START Data shown
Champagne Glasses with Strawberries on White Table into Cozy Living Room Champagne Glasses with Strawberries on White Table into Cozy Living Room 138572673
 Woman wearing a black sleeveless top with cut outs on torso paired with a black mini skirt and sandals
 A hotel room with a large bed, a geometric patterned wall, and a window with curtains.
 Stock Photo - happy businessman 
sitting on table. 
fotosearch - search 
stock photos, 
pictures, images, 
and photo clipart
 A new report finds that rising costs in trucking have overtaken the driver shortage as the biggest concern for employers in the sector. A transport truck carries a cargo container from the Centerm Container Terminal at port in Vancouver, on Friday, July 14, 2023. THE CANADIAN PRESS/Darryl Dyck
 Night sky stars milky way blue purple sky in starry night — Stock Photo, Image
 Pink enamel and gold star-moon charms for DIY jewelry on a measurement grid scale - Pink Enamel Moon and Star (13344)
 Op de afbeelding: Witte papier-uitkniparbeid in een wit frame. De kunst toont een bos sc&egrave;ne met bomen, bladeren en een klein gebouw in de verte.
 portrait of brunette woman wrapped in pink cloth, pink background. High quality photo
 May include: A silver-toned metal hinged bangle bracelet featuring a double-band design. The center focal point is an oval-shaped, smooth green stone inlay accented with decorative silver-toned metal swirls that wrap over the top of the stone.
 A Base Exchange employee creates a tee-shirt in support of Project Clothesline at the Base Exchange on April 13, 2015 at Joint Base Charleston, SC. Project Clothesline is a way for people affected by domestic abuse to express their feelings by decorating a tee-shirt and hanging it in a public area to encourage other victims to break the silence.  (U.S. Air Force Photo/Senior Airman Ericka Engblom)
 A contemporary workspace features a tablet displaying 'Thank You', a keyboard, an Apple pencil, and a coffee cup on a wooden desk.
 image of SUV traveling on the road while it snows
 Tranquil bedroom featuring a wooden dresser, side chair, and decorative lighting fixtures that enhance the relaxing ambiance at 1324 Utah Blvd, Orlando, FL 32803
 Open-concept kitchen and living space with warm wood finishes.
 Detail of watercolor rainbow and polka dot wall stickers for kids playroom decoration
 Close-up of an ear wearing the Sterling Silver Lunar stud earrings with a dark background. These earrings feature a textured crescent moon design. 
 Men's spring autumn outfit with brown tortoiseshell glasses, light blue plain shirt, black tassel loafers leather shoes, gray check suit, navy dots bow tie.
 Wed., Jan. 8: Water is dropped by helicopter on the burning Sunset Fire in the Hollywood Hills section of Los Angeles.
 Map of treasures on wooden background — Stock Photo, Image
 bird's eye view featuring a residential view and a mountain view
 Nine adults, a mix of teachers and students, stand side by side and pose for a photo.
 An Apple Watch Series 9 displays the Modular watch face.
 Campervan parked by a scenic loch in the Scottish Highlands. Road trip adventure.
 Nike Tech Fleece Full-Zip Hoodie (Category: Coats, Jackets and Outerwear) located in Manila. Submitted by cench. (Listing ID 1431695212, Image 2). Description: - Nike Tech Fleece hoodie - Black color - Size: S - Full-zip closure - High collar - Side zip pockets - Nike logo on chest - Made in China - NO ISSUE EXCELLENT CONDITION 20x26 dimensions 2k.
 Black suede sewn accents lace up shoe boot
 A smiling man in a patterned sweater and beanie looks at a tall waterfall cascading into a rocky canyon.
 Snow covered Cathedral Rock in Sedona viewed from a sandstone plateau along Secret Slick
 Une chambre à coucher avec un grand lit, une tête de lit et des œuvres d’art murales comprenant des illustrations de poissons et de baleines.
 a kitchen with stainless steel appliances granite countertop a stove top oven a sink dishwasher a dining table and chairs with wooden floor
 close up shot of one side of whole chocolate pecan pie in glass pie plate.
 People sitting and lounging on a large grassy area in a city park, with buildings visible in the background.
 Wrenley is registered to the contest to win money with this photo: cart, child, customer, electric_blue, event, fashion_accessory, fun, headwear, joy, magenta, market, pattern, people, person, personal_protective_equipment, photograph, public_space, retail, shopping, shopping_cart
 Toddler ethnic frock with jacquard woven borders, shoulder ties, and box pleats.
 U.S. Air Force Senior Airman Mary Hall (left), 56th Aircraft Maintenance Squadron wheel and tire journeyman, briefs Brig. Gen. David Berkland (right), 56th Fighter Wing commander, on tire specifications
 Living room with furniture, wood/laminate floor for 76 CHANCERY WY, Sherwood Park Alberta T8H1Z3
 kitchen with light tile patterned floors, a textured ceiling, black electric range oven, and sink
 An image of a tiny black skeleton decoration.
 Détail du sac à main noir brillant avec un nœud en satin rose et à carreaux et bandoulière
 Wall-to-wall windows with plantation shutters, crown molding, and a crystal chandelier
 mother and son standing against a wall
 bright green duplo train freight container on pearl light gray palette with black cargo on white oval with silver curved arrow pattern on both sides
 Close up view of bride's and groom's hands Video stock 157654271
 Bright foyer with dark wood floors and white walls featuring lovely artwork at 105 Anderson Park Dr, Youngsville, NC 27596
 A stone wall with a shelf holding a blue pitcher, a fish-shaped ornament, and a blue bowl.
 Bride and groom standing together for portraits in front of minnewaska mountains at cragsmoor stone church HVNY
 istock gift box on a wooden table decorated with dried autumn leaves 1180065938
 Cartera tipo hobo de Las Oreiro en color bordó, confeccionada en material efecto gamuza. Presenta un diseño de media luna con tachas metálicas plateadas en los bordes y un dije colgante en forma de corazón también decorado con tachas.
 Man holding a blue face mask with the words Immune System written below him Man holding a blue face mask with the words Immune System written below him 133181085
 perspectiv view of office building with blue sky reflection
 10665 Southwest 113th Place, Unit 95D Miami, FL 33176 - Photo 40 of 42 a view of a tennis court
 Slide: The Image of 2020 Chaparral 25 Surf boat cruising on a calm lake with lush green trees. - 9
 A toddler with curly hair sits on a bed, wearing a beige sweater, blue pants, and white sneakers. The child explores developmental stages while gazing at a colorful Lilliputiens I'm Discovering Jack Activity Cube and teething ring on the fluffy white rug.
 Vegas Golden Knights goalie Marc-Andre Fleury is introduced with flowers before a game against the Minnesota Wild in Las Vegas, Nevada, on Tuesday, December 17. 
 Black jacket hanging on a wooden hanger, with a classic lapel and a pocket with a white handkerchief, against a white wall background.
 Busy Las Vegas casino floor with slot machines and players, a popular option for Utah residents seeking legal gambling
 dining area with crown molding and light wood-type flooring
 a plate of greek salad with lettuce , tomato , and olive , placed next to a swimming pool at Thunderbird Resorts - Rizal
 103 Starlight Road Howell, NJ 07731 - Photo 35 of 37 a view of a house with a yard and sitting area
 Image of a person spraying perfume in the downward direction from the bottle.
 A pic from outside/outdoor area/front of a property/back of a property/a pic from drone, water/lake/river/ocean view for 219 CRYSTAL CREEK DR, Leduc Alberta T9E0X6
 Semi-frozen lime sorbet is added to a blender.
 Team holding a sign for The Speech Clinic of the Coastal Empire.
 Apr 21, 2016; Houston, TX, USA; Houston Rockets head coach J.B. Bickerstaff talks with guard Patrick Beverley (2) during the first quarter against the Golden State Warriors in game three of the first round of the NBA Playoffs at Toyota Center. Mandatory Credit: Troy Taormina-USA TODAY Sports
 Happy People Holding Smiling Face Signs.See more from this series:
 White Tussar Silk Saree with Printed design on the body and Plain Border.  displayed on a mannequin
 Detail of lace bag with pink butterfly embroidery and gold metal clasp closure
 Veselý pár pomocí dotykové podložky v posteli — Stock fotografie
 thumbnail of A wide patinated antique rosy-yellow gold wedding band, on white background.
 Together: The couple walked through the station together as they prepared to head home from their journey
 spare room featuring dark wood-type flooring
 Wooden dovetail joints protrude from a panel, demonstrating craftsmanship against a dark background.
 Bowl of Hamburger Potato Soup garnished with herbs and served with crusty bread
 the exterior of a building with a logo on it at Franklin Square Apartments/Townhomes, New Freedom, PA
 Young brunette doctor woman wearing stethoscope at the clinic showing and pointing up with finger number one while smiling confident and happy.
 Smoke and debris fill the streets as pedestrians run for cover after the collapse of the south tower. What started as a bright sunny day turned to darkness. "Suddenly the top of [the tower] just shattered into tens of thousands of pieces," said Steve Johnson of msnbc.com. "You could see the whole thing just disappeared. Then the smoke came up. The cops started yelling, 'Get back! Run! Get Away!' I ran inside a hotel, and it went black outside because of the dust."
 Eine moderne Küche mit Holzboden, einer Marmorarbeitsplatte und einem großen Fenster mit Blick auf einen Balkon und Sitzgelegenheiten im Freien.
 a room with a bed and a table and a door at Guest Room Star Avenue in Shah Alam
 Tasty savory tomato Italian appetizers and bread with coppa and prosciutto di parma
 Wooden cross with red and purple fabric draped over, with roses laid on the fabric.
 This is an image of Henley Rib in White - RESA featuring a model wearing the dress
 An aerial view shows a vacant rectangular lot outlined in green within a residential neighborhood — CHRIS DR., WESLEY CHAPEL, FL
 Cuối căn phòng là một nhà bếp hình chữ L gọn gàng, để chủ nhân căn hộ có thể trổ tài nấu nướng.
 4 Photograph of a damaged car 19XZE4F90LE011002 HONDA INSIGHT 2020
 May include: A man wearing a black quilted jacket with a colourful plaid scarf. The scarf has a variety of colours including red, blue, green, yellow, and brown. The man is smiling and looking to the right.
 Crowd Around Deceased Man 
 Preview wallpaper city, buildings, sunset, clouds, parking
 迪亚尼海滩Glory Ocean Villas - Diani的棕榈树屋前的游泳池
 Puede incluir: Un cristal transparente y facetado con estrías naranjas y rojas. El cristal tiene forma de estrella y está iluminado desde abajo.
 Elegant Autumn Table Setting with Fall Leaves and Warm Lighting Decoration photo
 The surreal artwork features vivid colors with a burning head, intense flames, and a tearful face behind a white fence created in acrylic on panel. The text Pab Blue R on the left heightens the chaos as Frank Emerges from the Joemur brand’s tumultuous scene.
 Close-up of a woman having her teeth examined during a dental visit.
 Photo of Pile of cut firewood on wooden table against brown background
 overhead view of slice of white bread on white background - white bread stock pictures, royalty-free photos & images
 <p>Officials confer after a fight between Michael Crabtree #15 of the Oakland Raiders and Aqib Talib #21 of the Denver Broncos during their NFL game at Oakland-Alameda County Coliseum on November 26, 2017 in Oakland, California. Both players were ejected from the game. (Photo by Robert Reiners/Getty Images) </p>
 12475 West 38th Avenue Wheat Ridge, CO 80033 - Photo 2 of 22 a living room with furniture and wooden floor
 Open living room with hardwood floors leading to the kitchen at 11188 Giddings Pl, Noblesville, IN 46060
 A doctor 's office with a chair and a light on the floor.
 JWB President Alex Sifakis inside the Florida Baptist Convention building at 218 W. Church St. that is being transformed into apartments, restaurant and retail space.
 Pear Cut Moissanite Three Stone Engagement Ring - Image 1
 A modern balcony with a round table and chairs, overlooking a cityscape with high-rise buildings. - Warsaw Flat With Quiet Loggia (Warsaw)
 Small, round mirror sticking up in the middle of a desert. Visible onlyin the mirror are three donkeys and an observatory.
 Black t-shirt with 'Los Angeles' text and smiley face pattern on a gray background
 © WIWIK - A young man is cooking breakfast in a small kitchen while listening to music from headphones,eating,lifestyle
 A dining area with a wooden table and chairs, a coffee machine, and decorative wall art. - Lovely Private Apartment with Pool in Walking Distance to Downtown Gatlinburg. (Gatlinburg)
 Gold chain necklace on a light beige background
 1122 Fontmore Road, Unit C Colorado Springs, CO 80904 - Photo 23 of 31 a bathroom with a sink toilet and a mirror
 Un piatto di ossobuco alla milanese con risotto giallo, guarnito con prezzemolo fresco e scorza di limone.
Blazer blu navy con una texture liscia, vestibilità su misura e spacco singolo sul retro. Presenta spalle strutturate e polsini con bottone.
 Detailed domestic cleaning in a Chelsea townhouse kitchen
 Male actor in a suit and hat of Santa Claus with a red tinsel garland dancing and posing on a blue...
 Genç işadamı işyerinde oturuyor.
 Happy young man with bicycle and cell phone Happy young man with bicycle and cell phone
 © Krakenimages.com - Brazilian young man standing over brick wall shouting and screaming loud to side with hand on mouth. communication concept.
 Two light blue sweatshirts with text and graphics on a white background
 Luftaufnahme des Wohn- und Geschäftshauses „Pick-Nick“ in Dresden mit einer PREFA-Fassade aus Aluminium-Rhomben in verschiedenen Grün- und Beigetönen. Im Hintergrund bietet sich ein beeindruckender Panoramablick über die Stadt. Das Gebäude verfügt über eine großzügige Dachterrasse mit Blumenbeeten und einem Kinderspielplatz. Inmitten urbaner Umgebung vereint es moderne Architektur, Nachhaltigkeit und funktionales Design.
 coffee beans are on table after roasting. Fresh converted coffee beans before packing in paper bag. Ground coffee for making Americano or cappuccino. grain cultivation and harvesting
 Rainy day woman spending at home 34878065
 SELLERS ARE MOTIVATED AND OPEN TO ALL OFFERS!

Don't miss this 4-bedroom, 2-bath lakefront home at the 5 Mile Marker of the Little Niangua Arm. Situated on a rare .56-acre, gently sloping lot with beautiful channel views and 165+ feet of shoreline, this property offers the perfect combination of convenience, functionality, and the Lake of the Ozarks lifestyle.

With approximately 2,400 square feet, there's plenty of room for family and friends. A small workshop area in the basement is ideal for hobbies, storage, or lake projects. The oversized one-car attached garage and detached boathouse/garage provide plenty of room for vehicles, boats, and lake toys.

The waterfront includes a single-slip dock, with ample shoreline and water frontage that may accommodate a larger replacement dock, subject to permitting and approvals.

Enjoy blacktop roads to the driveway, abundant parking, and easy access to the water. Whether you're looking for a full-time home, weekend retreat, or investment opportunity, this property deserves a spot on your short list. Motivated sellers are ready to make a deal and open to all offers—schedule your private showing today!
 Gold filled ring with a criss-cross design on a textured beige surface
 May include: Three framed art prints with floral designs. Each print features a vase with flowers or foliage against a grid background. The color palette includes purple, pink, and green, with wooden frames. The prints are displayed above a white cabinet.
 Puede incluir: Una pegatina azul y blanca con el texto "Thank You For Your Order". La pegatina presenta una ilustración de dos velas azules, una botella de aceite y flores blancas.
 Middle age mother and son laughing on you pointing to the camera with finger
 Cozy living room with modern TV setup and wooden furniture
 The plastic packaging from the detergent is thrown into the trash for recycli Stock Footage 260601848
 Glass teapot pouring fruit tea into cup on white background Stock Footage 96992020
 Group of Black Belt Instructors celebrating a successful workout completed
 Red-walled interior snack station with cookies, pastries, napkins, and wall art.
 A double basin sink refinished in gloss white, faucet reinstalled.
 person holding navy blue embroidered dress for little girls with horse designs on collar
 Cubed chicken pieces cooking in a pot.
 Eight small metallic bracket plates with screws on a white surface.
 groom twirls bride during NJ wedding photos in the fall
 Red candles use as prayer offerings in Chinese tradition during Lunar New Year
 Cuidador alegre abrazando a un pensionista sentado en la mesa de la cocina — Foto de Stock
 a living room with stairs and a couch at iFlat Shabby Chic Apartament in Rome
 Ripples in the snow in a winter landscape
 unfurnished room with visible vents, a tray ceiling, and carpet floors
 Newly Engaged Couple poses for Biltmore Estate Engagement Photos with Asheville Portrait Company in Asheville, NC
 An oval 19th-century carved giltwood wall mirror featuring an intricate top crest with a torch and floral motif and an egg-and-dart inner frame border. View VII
END Data shown
▶ Exercise instructions: Isolate the lines above that contain the word "property" and copy them.

▶ Task output:
 A pic from outside/outdoor area/front of a property/back of a property/a pic from drone, water/lake/river/ocean view for 219 CRYSTAL CREEK DR, Leduc Alberta T9E0X6
Don't miss this 4-bedroom, 2-bath lakefront home at the 5 Mile Marker of the Little Niangua Arm. Situated on a rare .56-acre, gently sloping lot with beautiful channel views and 165+ feet of shoreline, this property offers the perfect combination of convenience, functionality, and the Lake of the Ozarks lifestyle.
Enjoy blacktop roads to the driveway, abundant parking, and easy access to the water. Whether you're looking for a full-time home, weekend retreat, or investment opportunity, this property deserves a spot on your short list. Motivated sellers are ready to make a deal and open to all offers—schedule your private showing today!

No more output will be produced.